‘Streaming farms’ are Spotify’s newest credibility problem

Streaming giants might accidentally be shelling out ~$300m to bot listeners.

Let’s say you just dropped a fire new track on Spotify, but only your aunt, brother, and 3 friends are streaming it.

‘Streaming farms’ are Spotify’s newest credibility problem

Fear not: For a small fee, you can turn to one of dozens of small companies offering to boost your track with thousands of artificial streams.

These companies, called “streaming farms,” are a huge problem for Spotify and Apple Music: One music industry exec tells Rolling Stone that ~3-4% of all streams are faked — equal to ~$300m in lost revenue.

Streaming farms start out as playlists

Scammers curate playlists of a client’s songs and then let loose a bunch of bots that run through the tracks on loop for weeks at a time.

According to music marketing agency Venture Music, streaming farms are employed by both independent artists and major labels, who use them to “to push their releases further up the charts.”

Sometimes artists are sucked into this economy against their will.

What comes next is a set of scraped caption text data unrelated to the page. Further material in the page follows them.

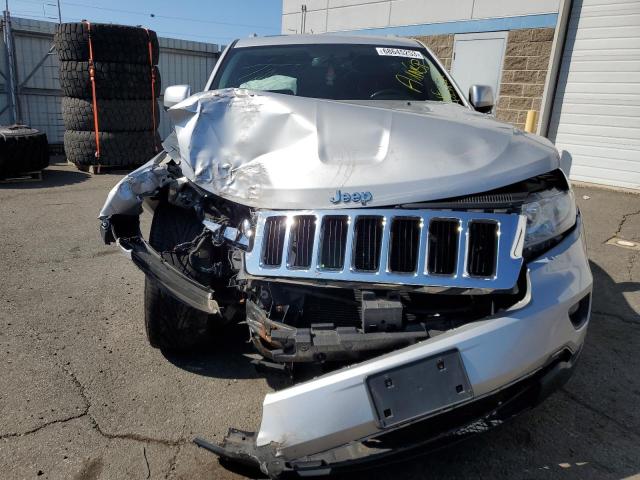 Photo 5 from auction – 2012 JEEP GRAND CHER with VIN 1C4RJFAG9CC210876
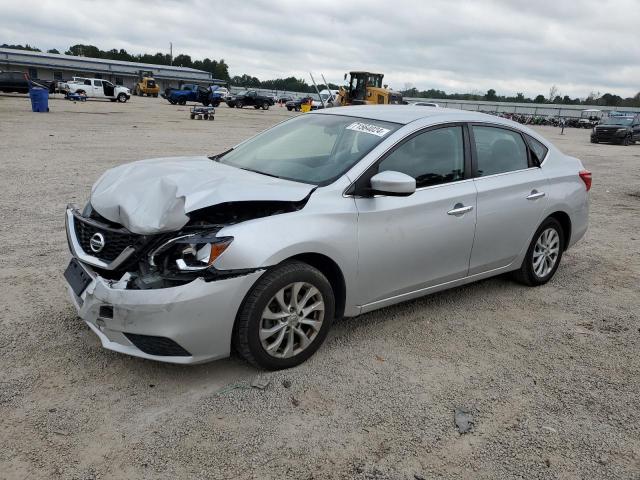 2019 NISSAN SENTRA S - 3N1AB7AP8KY337997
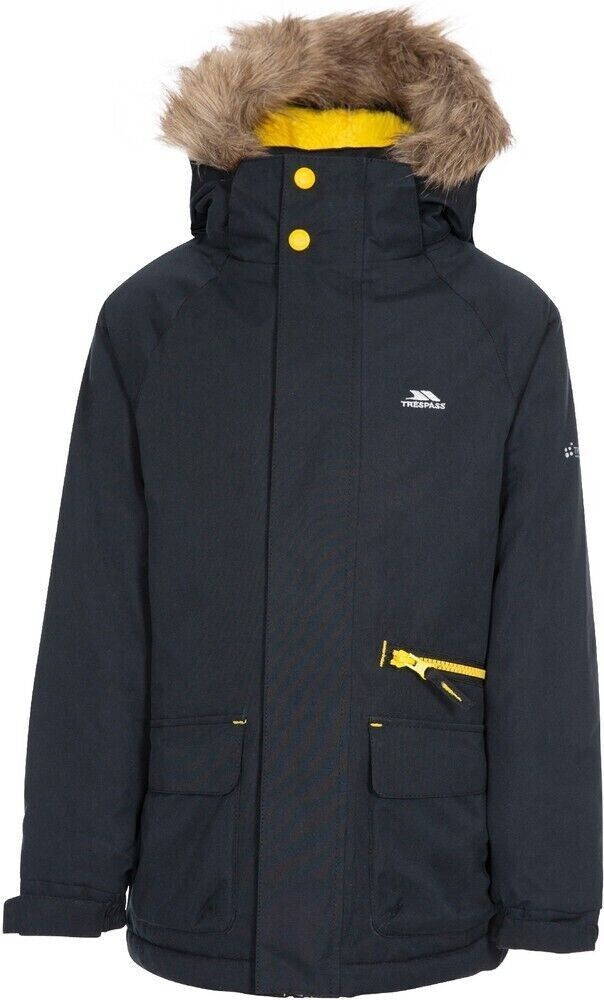 Trespass Upbeat Kids Parka TP5107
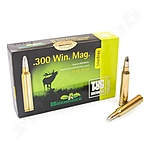 Brenneke .300 win mag TUG nature 8,5g / 132gr - 20 Stk Bild 2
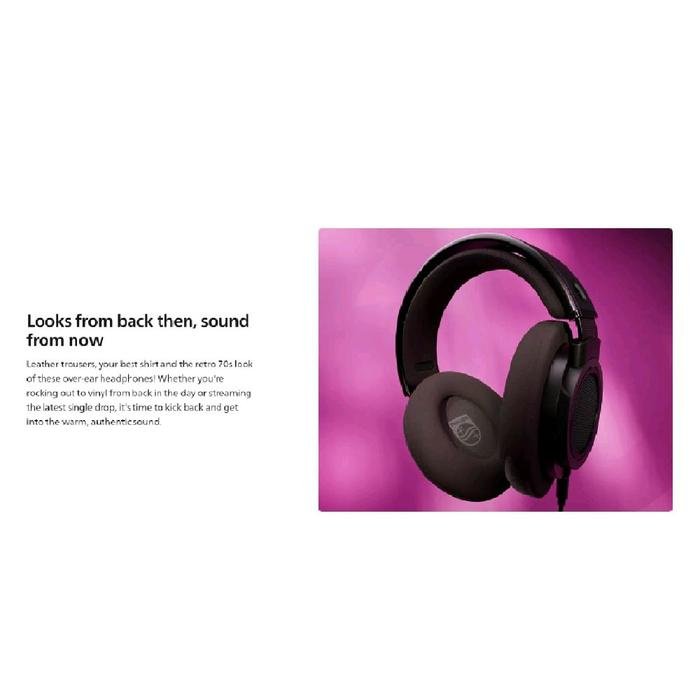 Philips SHP 9500 / SHP9500 / SHP 9500 CY / SHP9500CY (The Freddie) - Hi-Fi Wired Over Ear Open-Back Headphones Original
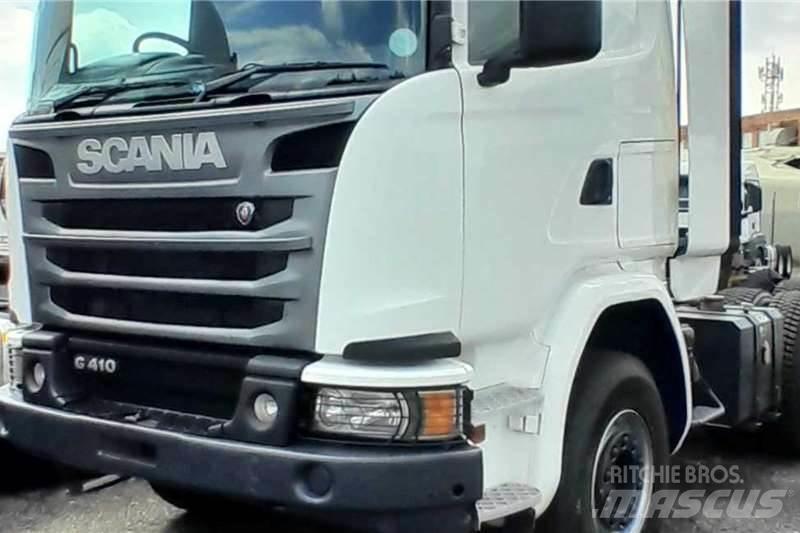 Scania G410 Outros Camiões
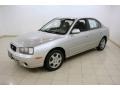Silver Pewter - Elantra GLS Sedan Photo No. 3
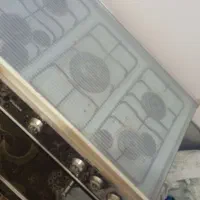 اجاق گاز پنج شعله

Venture Music tells The Hustle, “The vast majority of our current clients (now 40 total) have unknowingly found their way onto botted playlists this year.”

2018 catapulted streaming farms to prominence

That year, Spotify discovered that a Bulgarian scammer was behind 2 of its most popular playlists: “Soulful Music” and “Music From The Heart.”

“Soulful Music” had a whopping 467 songs (almost all by randos) and nearly all of the streams (~72m) came from 1.2k bot accounts.

In the end, the scammer made off with an estimated $1m+ in streaming revenue.